Once in a while, if you’ve been raised in America, you must down a greasy hamburger. For some people, it’s once a week; for us, once a month.
Then there are french fries. We like them, and we like them fat (if they’re cooked right, a la The Faded Rose), made of sweet potatoes (a la The Root) or skinny. Let’s talk about the skinny.
The shoestring fries at Freddy’s Frozen Custard & Steakburgers are the best chain restaurant french fries — or maybe anyone’s french fries — we’ve had (especially since McDonald’s cut out the lard). You get a nice pile of them with the combo meals or you can buy them on the side. Happily, we did not happen to have the to-go menu on hand when we ordered; otherwise we would have seen that the small order is 440 calories, and the big, which comes with the combo, is 520 calories.

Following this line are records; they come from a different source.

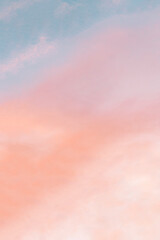 vertical background formed by a bright pastel authentic sky during sunset. pink, peach, blue blur el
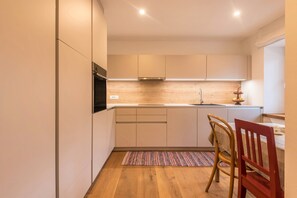 A modern kitchen with wooden cabinets, a built-in oven, and a small dining area with a chair and table. - Holiday Apartment 'Rosa Seis' with Mountain View, Wi-Fi & Garden (Seis)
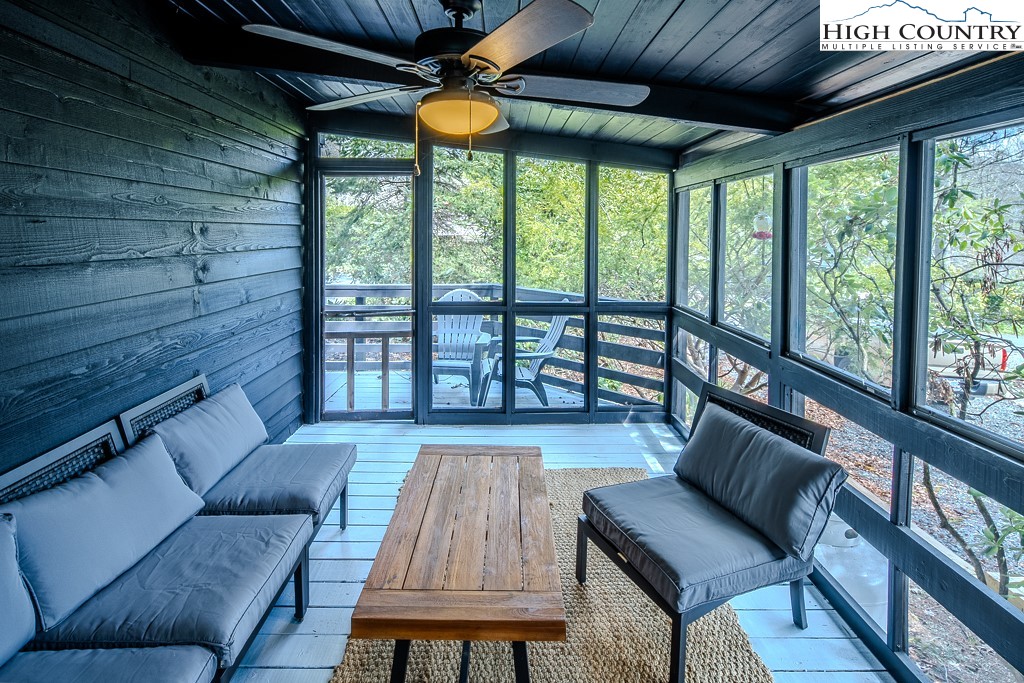 198 Black Pine Road Newland, NC 28657 - Photo 28 of 34 a living room with furniture and a floor to ceiling window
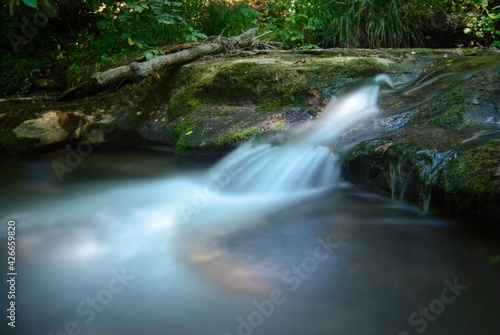 Fototapeta Naklejka Na Ścianę i Meble -  Ein kleiner Wasserfall mit aufgeschäumten Wasser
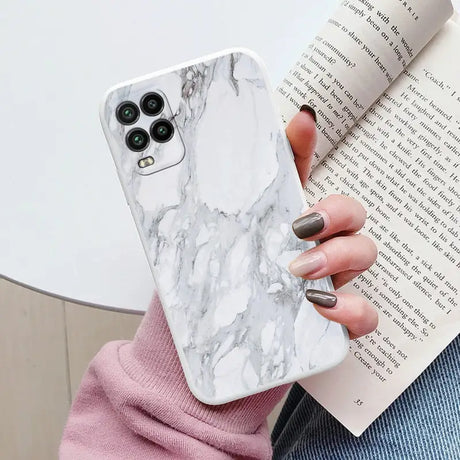 a woman holding a book and a white marble phone case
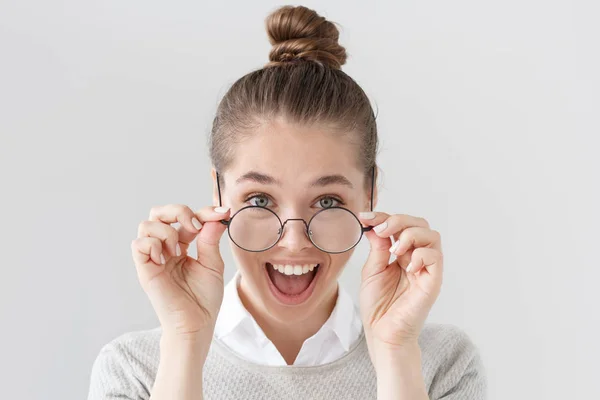 Retrato interno de mulher europeia excitada com cabelo amarrado em coque isolado em fundo cinza com óculos de armação preta elegantes, sua boca aberta de surpresa com notícias positivas ou boa oferta . — Fotografia de Stock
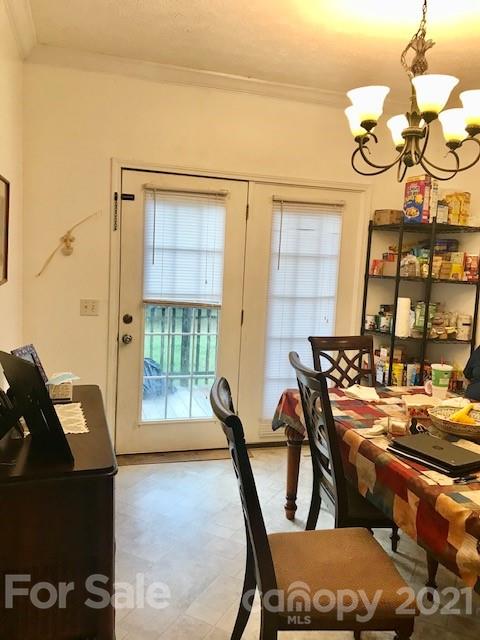 352 Pamela Road York, SC 29745 - Photo 12 of 21 a view of a dining room with furniture and a chandelier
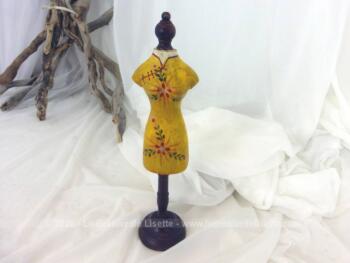 Petit mannequin en bois, sur pied façon piédestal, très décoratif avec un robe jaune à fleurs façon chinoise peinte sur le corps.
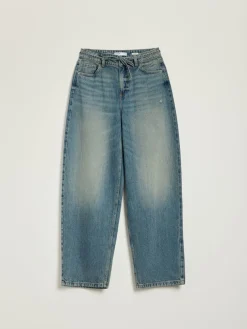 Jeansy baggy fit niebieskie z wiązanym paskiem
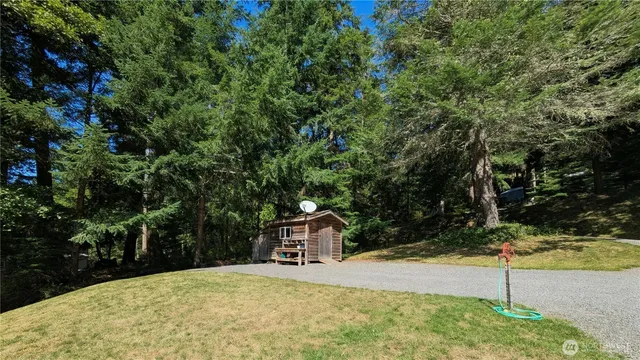a view of roof deck with chairs and wooden fence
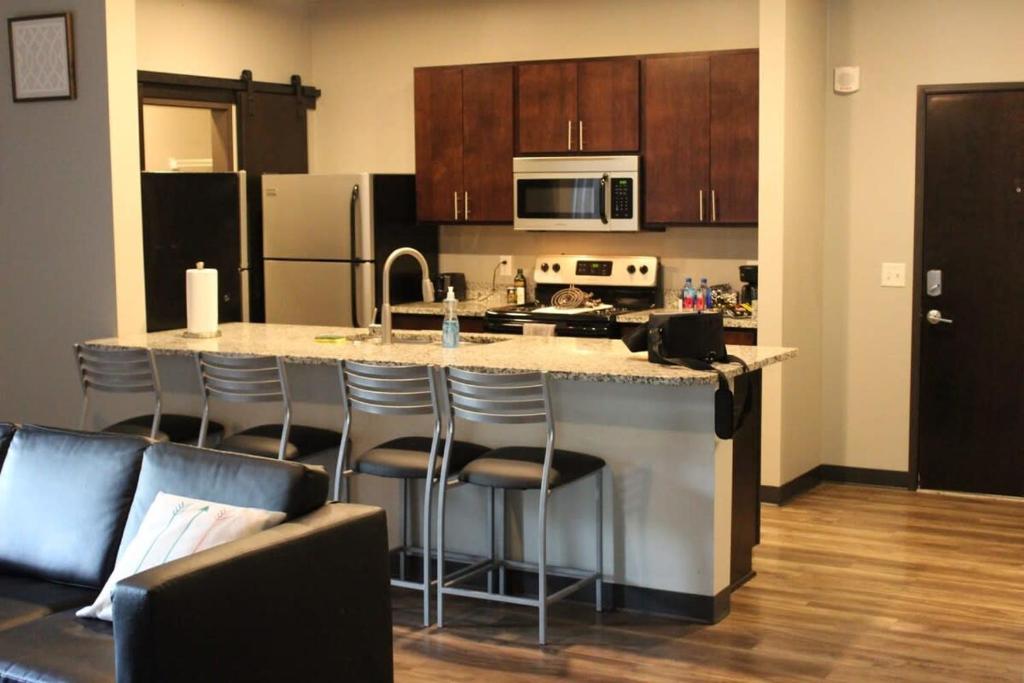 een keuken met een groot eiland met barkrukken bij Spacious 2BR Suite Plus Patio Near Iowa State in Ames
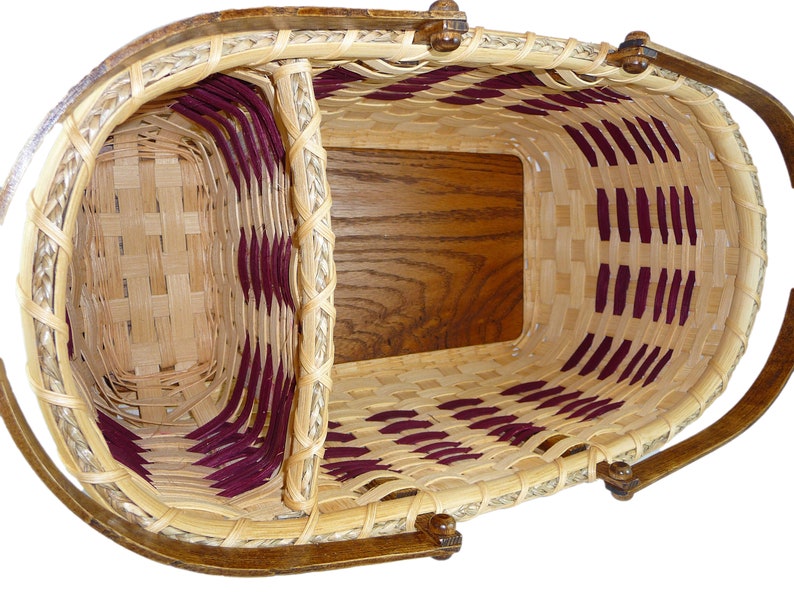 May include: A woven basket with a burgundy and natural colored pattern. The basket has a wooden base and a wooden handle.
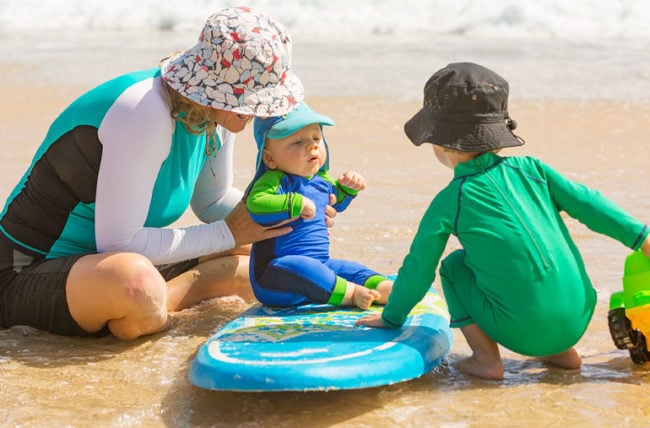 family-at-beach-in-sun-protectant-clothing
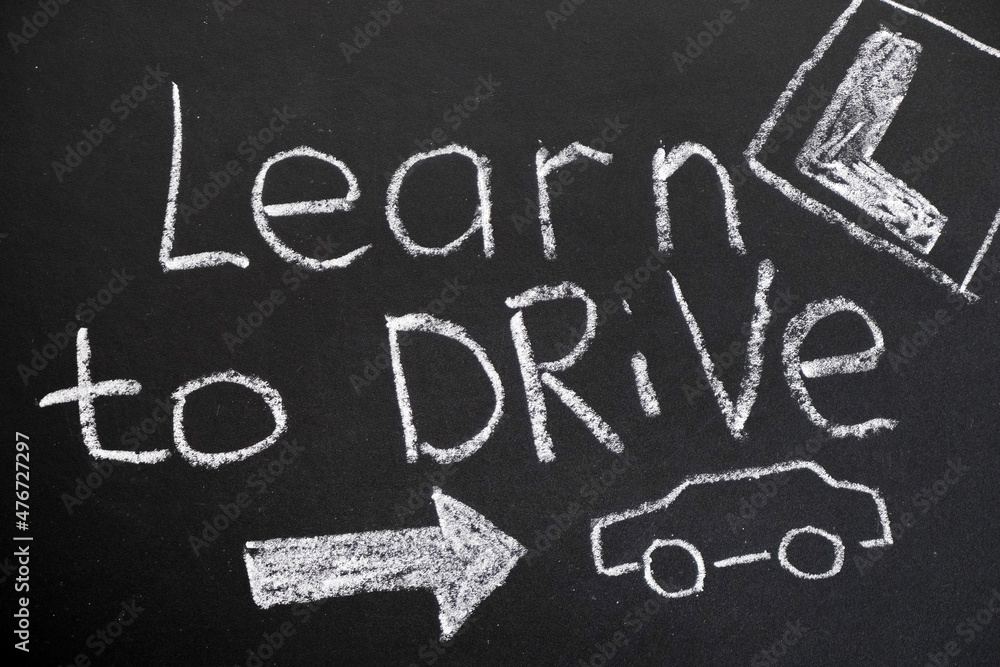 Driving school chalkboard, Educational and Creative composition with the Learn to drive caption. Driving school chalkboard, Educational and Creative composition with the Learn to drive caption.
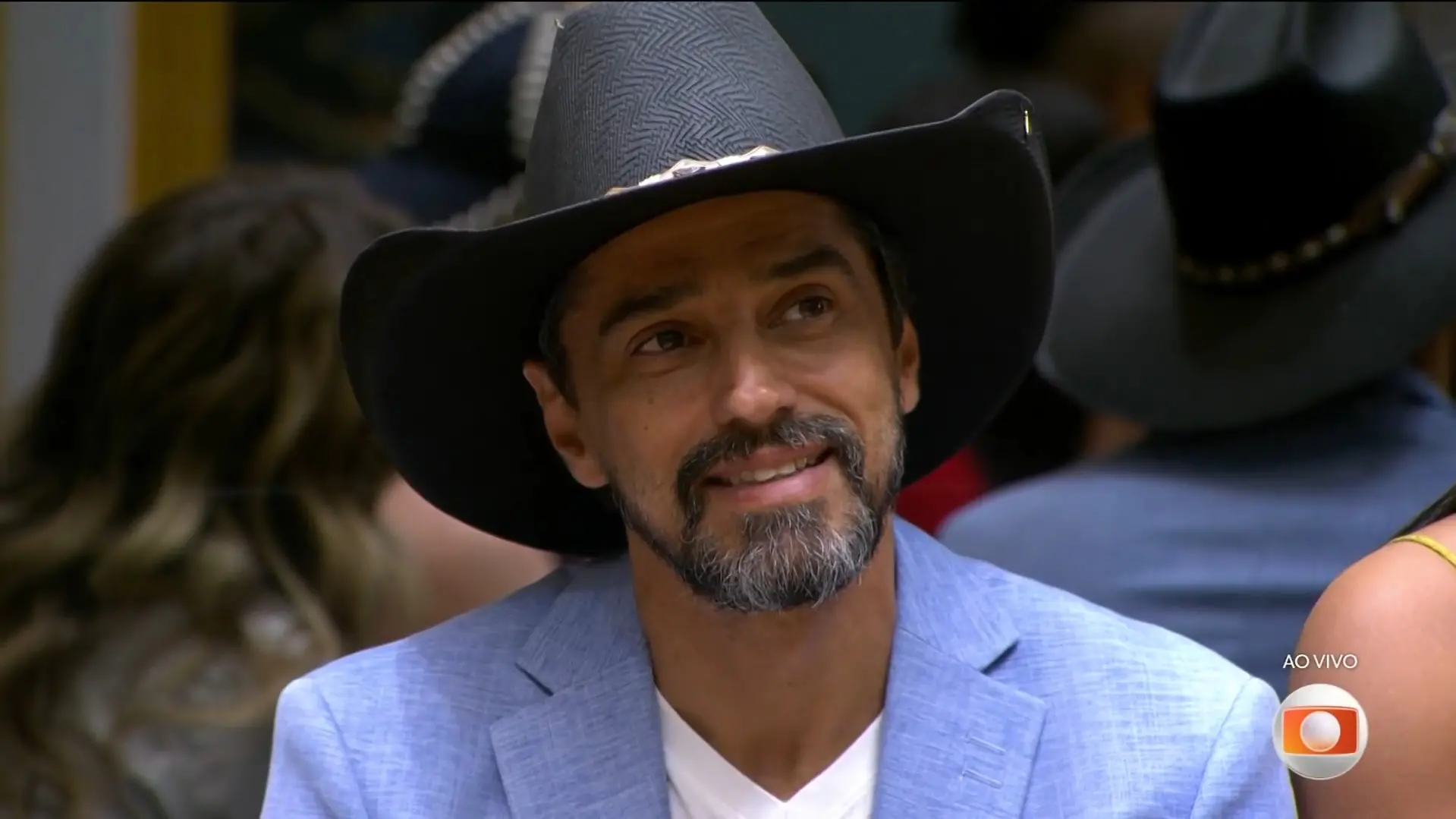 Homem de meia-idade, com cabelos escuros e grisalhos e barba por fazer, sorri enquanto olha para alguém fora do enquadramento. Ele veste uma camiseta preta e um cordão com credencial no pescoço. Ao fundo, há outras pessoas e elementos de um ambiente interno, possivelmente um estúdio ou casa com iluminação artificial.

But let’s put talk of calories aside. You don’t go to Freddy’s looking for kale or Omega-3 fatty-acid-laden mackerel. Nutrition is not at the top of your list. You go to Freddy’s for the smashed steakburgers, their lace-like slips showing on the sides of your bun. You go to Freddy’s for the frozen custard concretes and shakes and malts and the hot fudge toppings, and the Snickers pieces and, if you are still in short pants, Gummi worms, et cetera. And the fries. Think of Freddy’s as an addition to the spectrum of candy-apple red nostalgia joints like Steak ‘n’ Shake or the In’ n’ Out Burger, with a wholesome Colwich, Kan., origin story.